Discurso pronunciado por el presidente Fidel Castro, en la Tribuna Abierta de la Revolución, efectuada en Buey Arriba, provincia Granma. Contiene algunos datos añadidos por el autor, relacionados principalmente con los combates contra la última ofensiva de las fuerzas de la tiranía y la ofensiva final del Ejército Rebelde. 30 de marzo del 2002, "Año de los Héroes Prisioneros del Imperio".

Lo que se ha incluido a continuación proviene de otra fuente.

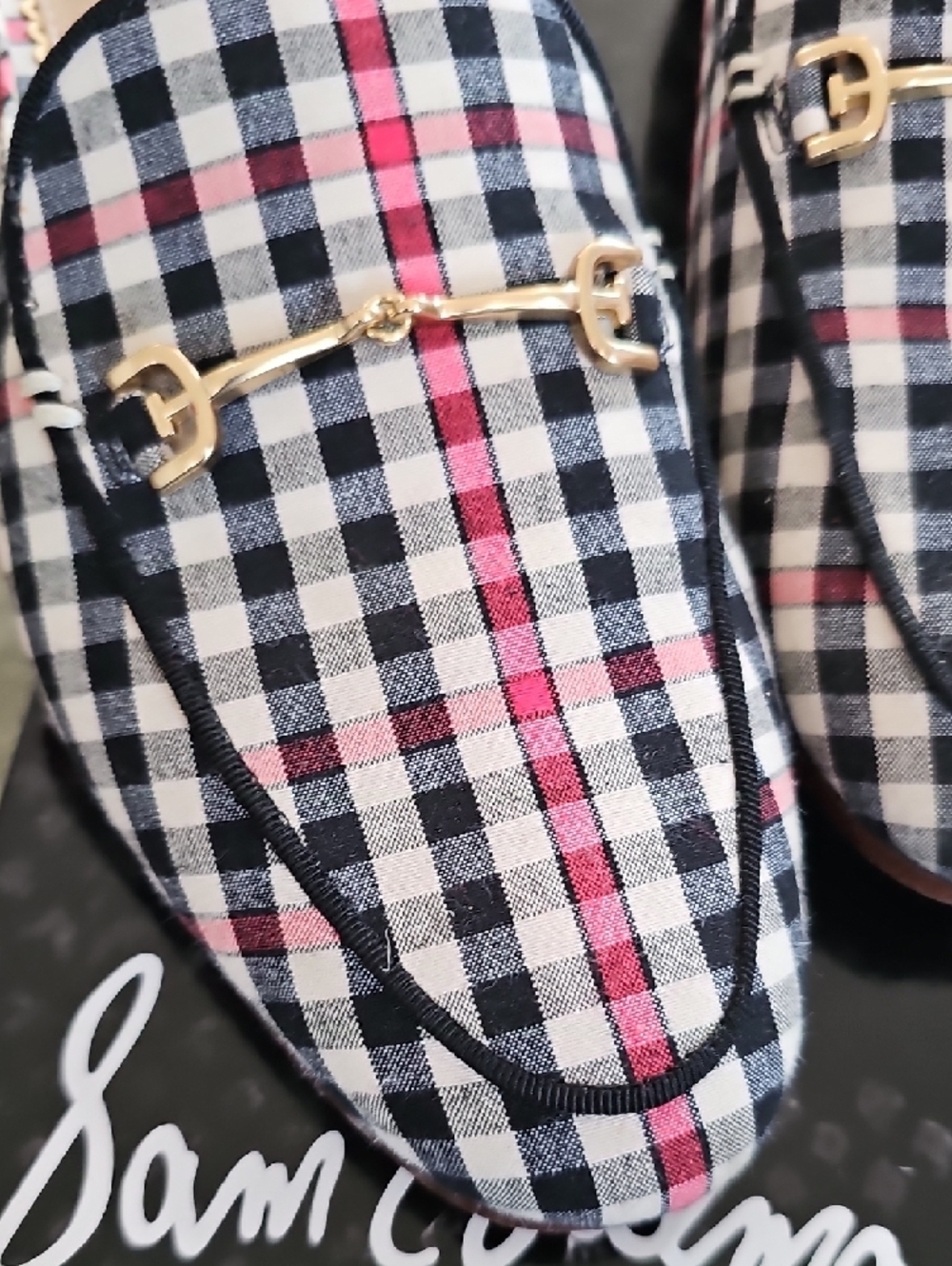 Sam Edelman Black & Red Plaid Slip-On Mules with Gold Bit - Picture 3 of 8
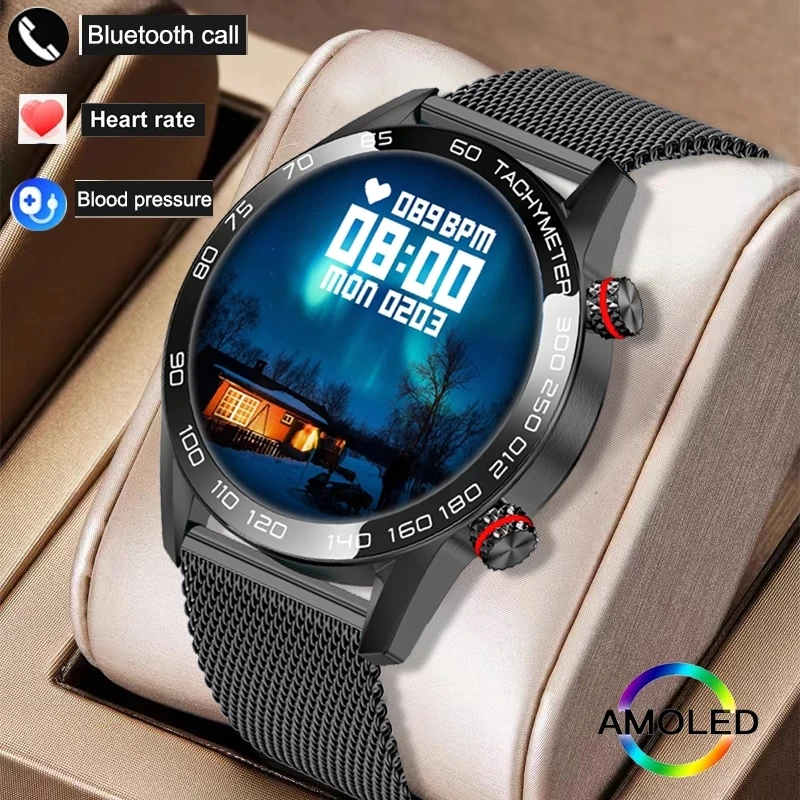 

Смарт-часы AMOLED мужские водонепроницаемые с поддержкой Bluetooth 100% и NFC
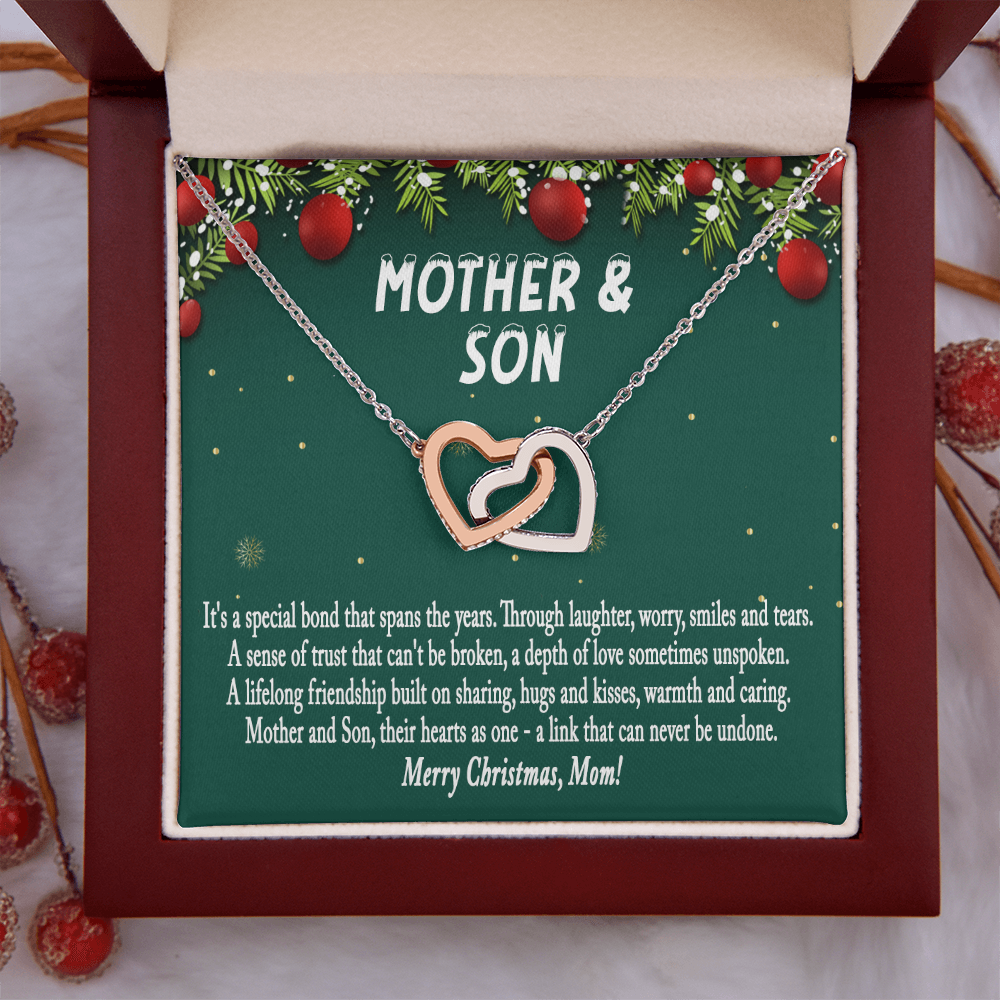 Christmas Gift for Mom from Son – Interlocking Hearts Necklace, Mother and Son Jewelry Gift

(Versiones Taquigráficas - Consejo de Estado)

Queridos compatriotas de Buey Arriba, de Granma y de Cuba:

Quiso el azar que en estos últimos días se convirtiesen en realidad, simultáneamente, cuatro importantes programas de la Revolución, fruto de la gran batalla de ideas que estamos librando.

Este acto tiene, realmente, para todos nosotros, para todos los orientales y para todo el país un extraordinario simbolismo.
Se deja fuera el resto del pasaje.